No lançamento do Real houve duas batalhas. A primeira era convencer a opinião pública a nos apoiar, depois de uma série de planos para acabar com a hiperinflação que fracassaram. A segunda era dar sustentabilidade à baixa inflação. Inflação baixa se consegue por várias formas, mas sustentá-la em níveis aceitáveis é muito difícil. Essas duas vitórias precisam ser celebradas, pois o cenário externo naquele momento era bastante adverso, com crise no México, na Rússia, crise cambial… e ainda teve o apagão. Durante os nove anos de Fernando Henrique Cardoso — oito na Presidência mais um antes, como ministro da Fazenda —, a situação macroeconômica foi muito difícil. Hoje, o cenário é bem mais tranquilo. E, do ponto de vista do Congresso, havia uma oposição muito mais organizada e aguerrida naquela época.
• O senhor se refere ao PT e ao ex-presidente Lula?

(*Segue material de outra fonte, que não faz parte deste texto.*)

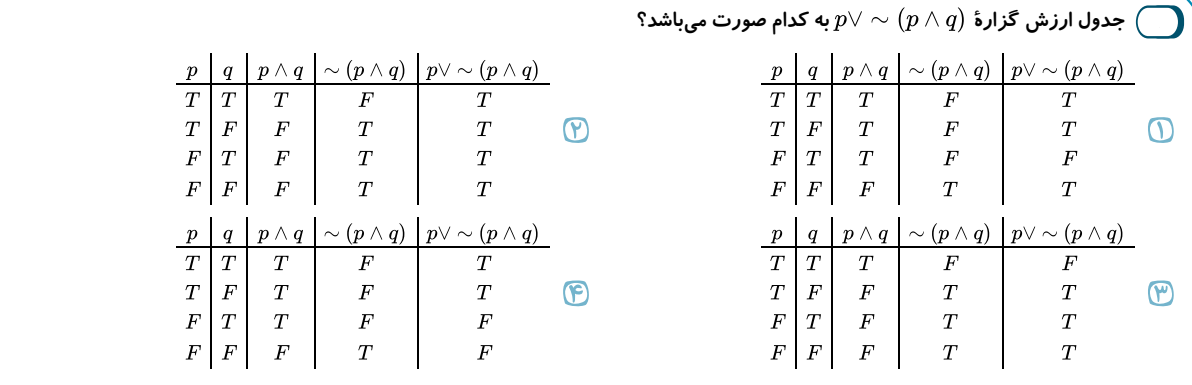دریافت سوال 43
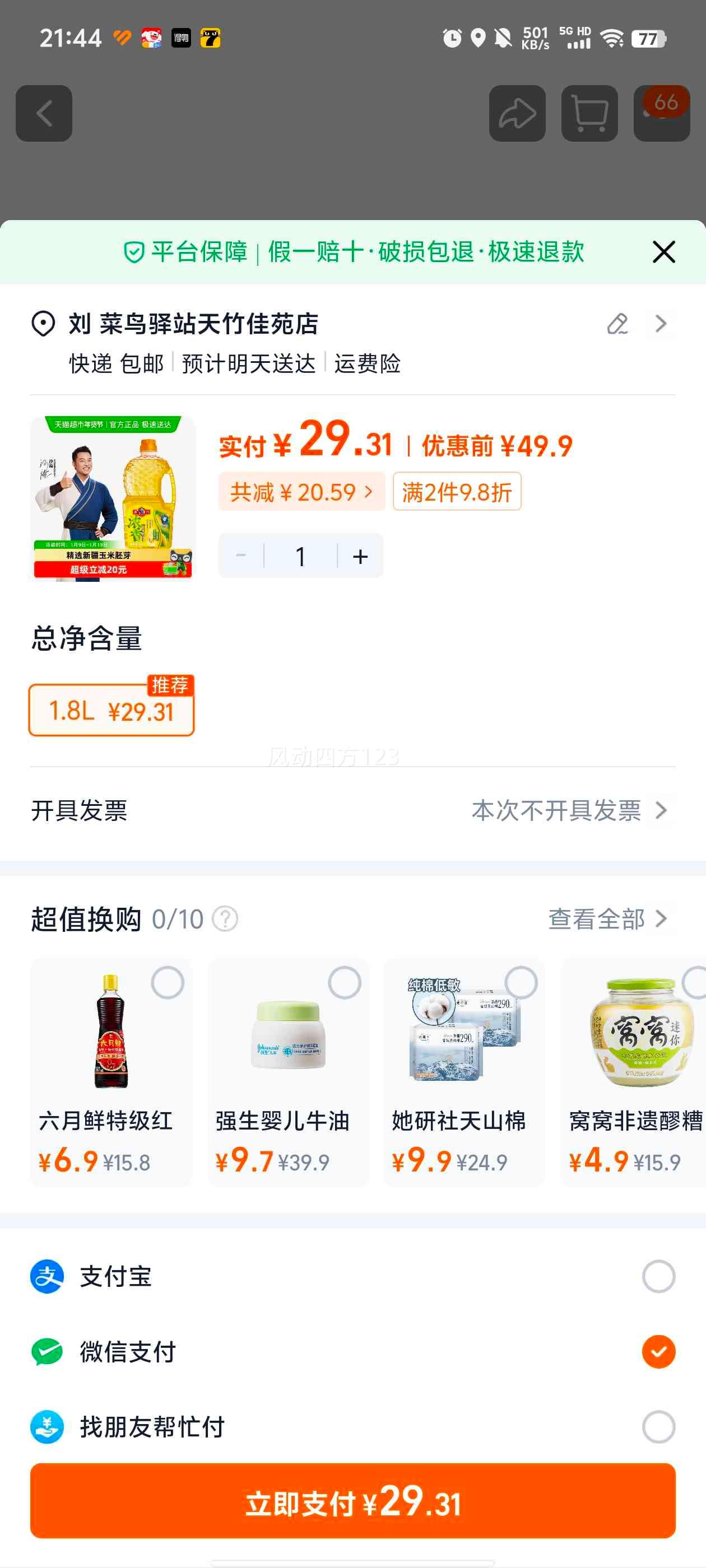 ���� Ũ�������� ʳ���� 1.8L ��եŨ�� ����Ӫ���Ż�֤��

Certamente o Lula teria ganho a eleição se não fosse o Plano Real. Ele era o líder inconteste. O PT tinha um peso nos debates, no Parlamento e na opinião pública. Enfrentávamos uma oposição de esquerda aguerrida. A única coisa que tínhamos mais favorável do que o governo atual era uma fragmentação partidária menor. Mas existia muito mais resistência às reformas que sustentaram o Plano Real. Curiosamente, a maior oposição foi do PSDB de São Paulo, pois queríamos privatizar os bancos estaduais. Ocorria, muitas vezes, uma incompreensão do que eram as reformas modernizantes dentro do próprio grupo que sustentava o governo.
• Havia, porém, uma insatisfação dos brasileiros com a inflação. Isso ajudou?

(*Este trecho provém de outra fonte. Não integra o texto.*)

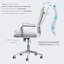 Fauteuil de conférence Yumi-1516020671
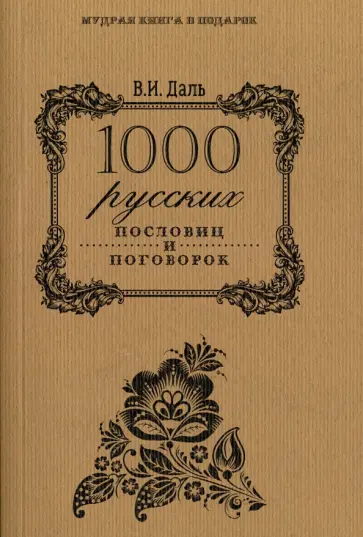 1000 русских пословиц и поговорок обложка книги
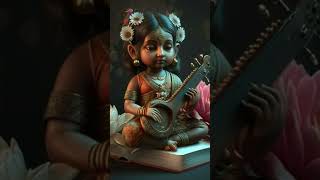 jai ma saraswati vina vadani gayan ki devi bhajan bhajan [upl. by Nahgem]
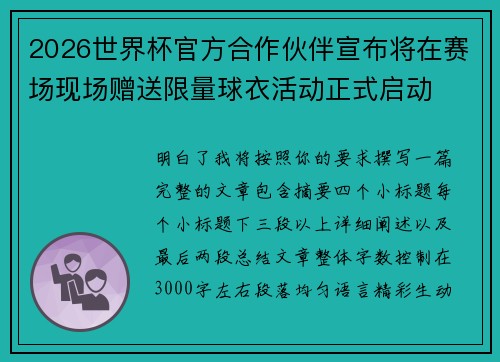 2026世界杯官方合作伙伴宣布将在赛场现场赠送限量球衣活动正式启动 2026世界杯官方合作伙伴宣布将在赛场现场赠送限量球衣活动正式启动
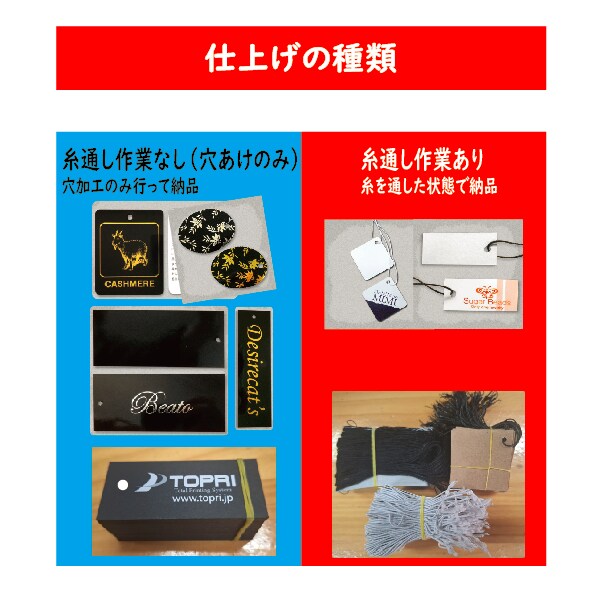 オリジナル箔押し下げ札が150枚から作成できます 箔押し商品タグが150枚15000円 イメージ8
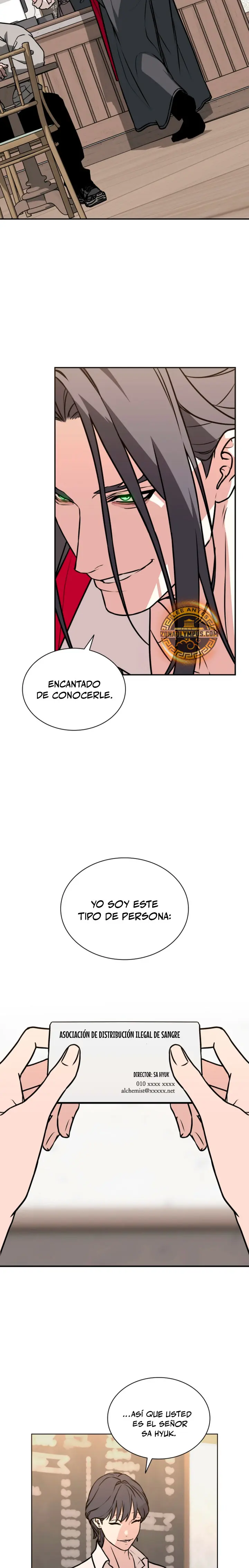 Al caer la luz de la luna - Capítulo 25 - Página 18 - LectorTMOo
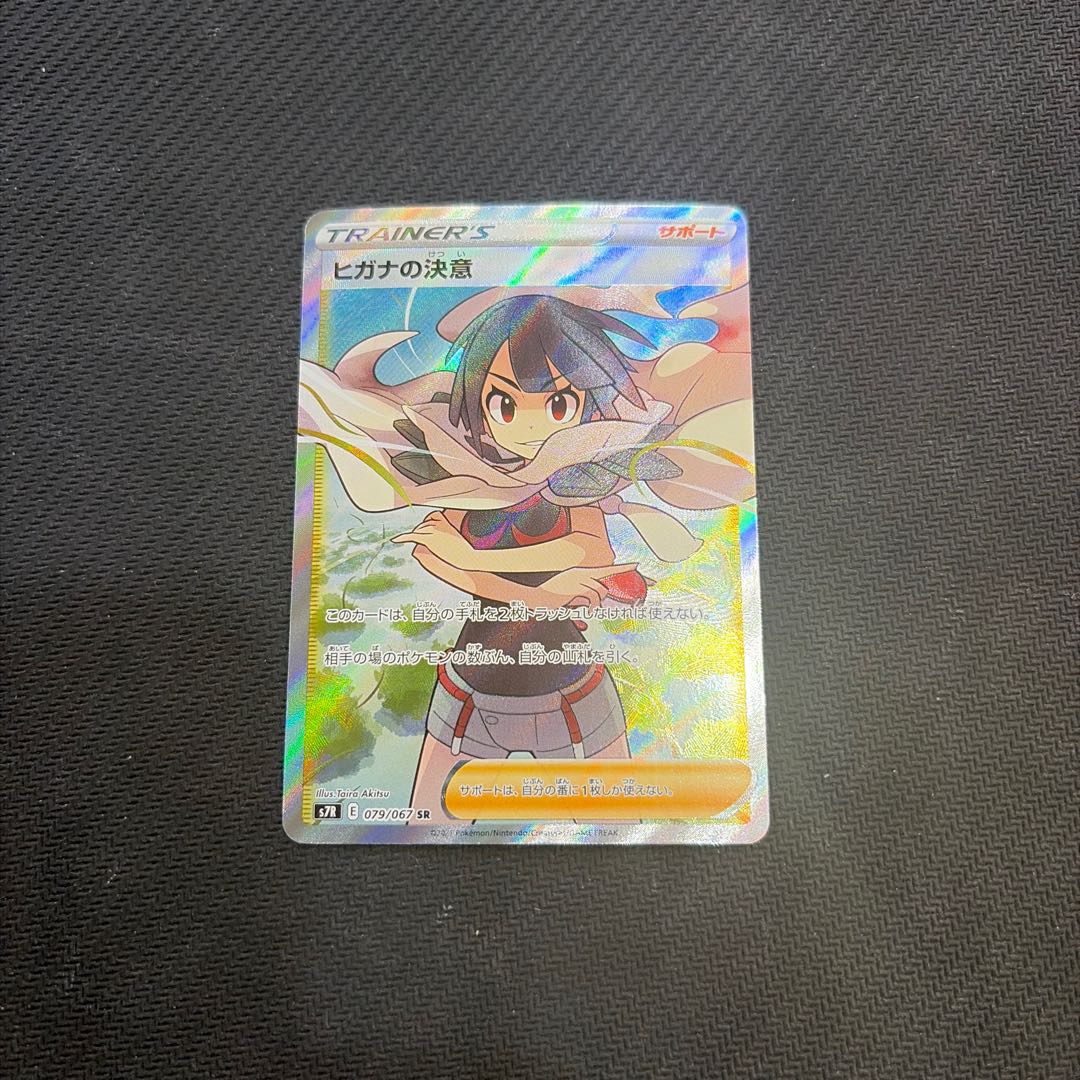 状態B ヒガナの決意 SR 079/067 1枚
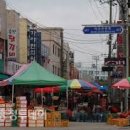 덕산시장 이미지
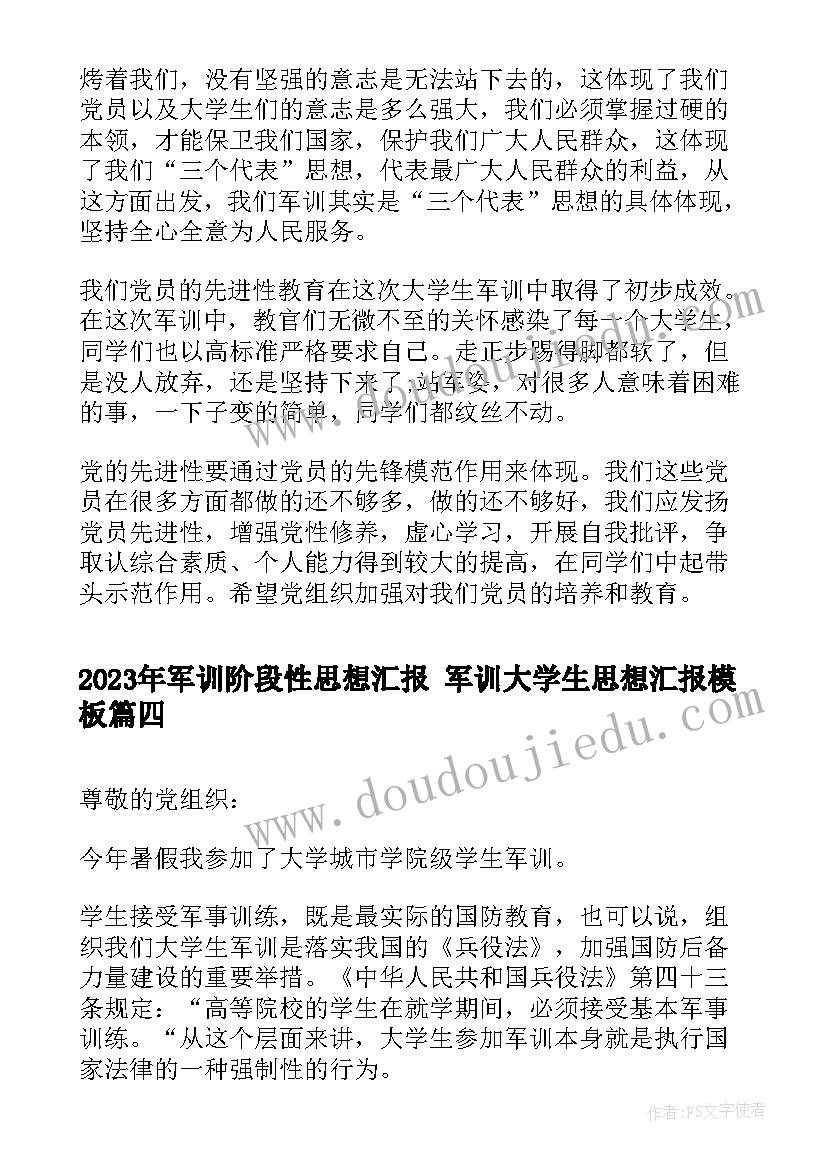 2023年军训阶段性思想汇报 军训大学生思想汇报(大全8篇)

De fato, havia uma demanda da população por um plano de estabilização. A demanda foi tão extraordinária que no Plano Larida, feito por mim e pelo André Lara Resende e que fundamentou o Plano Real, prevíamos que levaria de dois a três anos a reestruturação de todos os contratos com a moeda virtual, a chamada URV (Unidade Real de Valor). Quando posto em prática, isso virou três meses, o que mostra a velocidade de adesão da sociedade. Houve também uma circunstância excepcional: FHC era político, o que facilitou muito a conversa no Congresso. Nem mesmo o presidente entendia muito bem em que consistia o plano, mas confiava em seu ministro. FHC conseguiu, de alguma forma, travar um pacto social implícito de apoio ao programa.

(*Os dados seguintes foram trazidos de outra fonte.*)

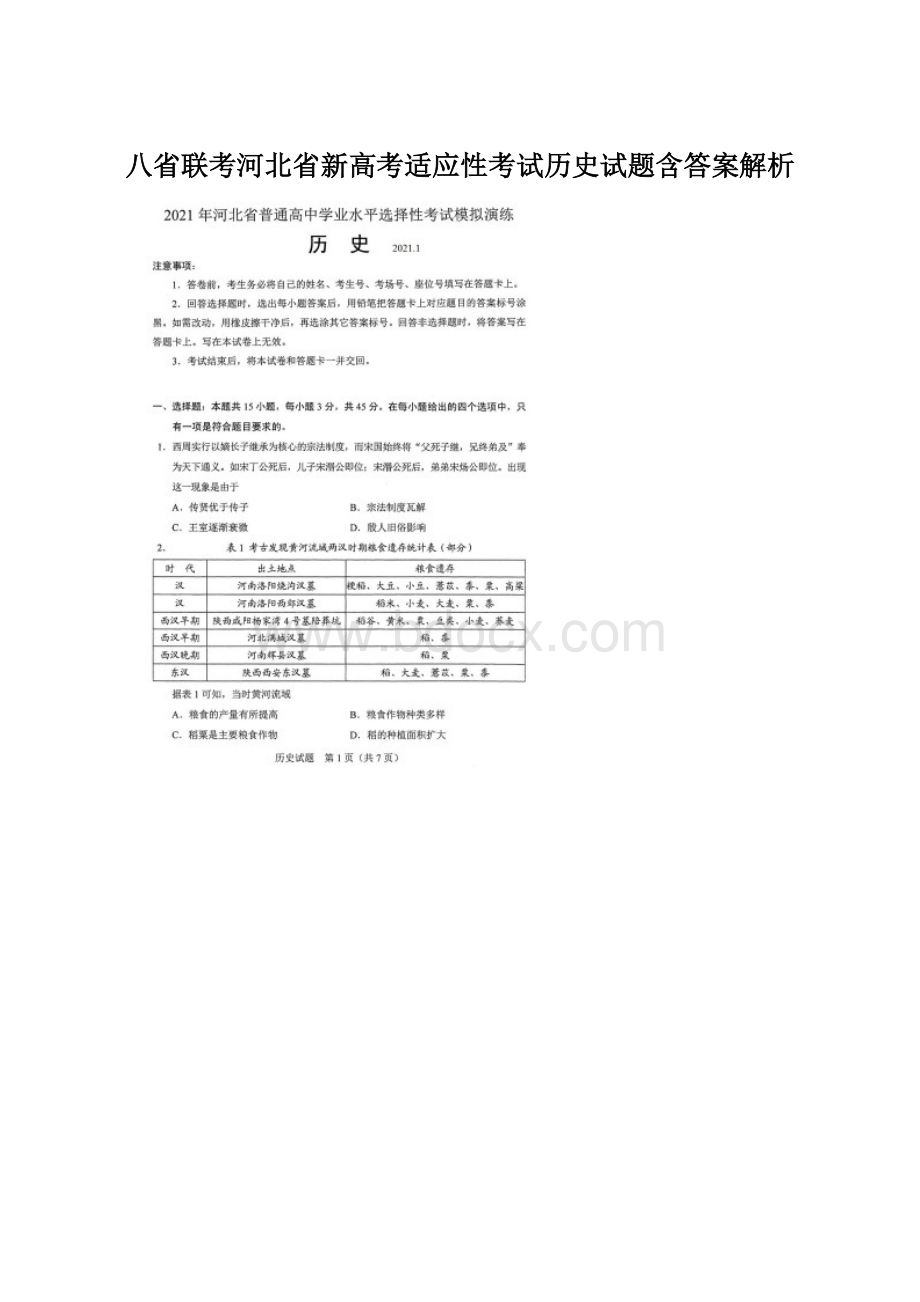 八省联考河北省新高考适应性考试历史试题含答案解析.docx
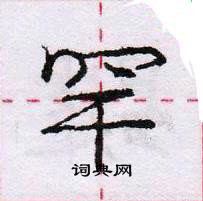 龐中華寫的硬筆行書罕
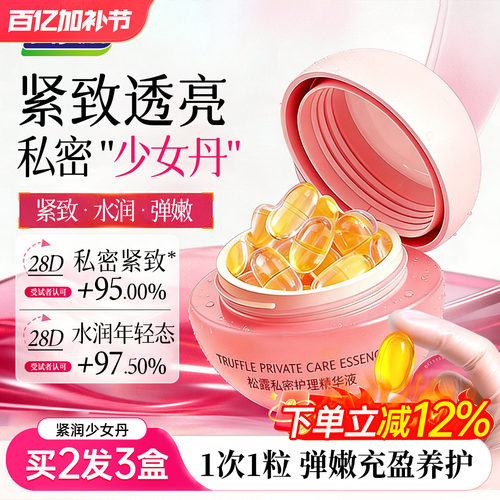 妇炎洁紧致少女丹水润透亮嘭弹嫩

• O senhor vê aprendizado no Brasil após o Plano Real?
Por conta do Real, para sustentá-lo, o país empreendeu as reformas que servem de base para o Brasil moderno. As privatizações da Telebras, dos bancos estaduais, da Vale do Rio Doce… Era tudo tão difícil que precisava de força policial na porta da bolsa de valores para segurar os leilões. Houve a construção das agências reguladoras independentes, da abertura da economia, da entrada de capital estrangeiro no mercado financeiro, do tripé macroeconômico. Depois, ocorreu uma involução de parte desses avanços no segundo mandato de Lula e nos dois de Dilma. O equilíbrio das contas públicas é um bom exemplo. O superávit primário chegou a 3% do PIB e, hoje, está em déficit de 2%.
• O senhor se coloca no panteão dos grandes economistas brasileiros?
Acho que as pessoas não devem falar delas mesmas. Mas, do ponto de vista de concepção intelectual e de impacto social, sem dúvida, o Plano Real me coloca, assim como ao André (Lara Resende), nesse lugar. De qualquer forma, volto ao meu ponto. Política econômica depende de alguém ter a ideia correta e também da equipe para executá-la. É sempre um time.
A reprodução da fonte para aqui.